Therefore, first endeavour to become free. That is to say, as a preliminary to successful living, cultivate faith in the dharma as the core of your personality and then learn and practise the discipline necessary to reach down to that core. With that qualification acquired, you can engage fully in worldly activities, following the dharma prescribed for their regulation. Then you become a moral individual (dharma-purusha).
Those who hold the physical objective world as the all of life and the body as the Self lead wasted lives, live as meaningless as making God into stone. Making the stone into God is the holier, more wholesome task. So too, seeing divine duty (Atma-dharma) in an act transforms it into an act of worship, elevates it, and removes its binding characteristic. Performing the duties of worldly life with no regard to genuine practice of the law of truth (sathya-dharma) is as unholy as treating God as stone.
Good behaviour (achara-dharma) pursued apart from the law of truth and the law of truth divorced from good behaviour are both barren of results. Good behaviour and the law of truth are inextricably intertwined and should be treated as such. The senior officer needs the work of the junior official as much as the junior official needs the help of the senior officer. Who, then, is the bound one and who the free? Both are bound to their desire to be happy and comfortable.

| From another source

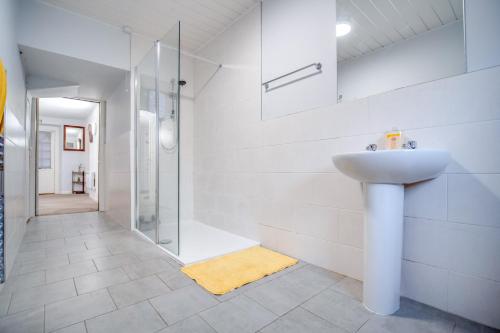 ein weißes Bad mit einem Waschbecken und einer Dusche in der Unterkunft Novar 4 Bedroom House Alness in Inverness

Until the fundamental secret of the Atma is recognized, the outer state of bondage will persist. When that is done, the burden of slavery to the senses and the objective world will be diminished.
Then, the code of behaviour toward the objective world will be merged with the code toward the inner Divinity, and the urges will all be cooperating harmoniously.
The Vedanta, the scriptures relating to the Supreme Spirit (adi-Atmic sastras), and dharma - all invite one to live and act as God (Bhagavan) and not as bondsman. Then, all acts become virtuous acts (dharma-karmas) and not acts done with intent to gain the fruits thereof (kamya-karma). The shackles of bondage cannot be avoided by a mere change of type of activity. They can be avoided only by changing the point of view from the created to the Creator (deha to the Deva). Thereby, the moral qualities will also be rendered stronger.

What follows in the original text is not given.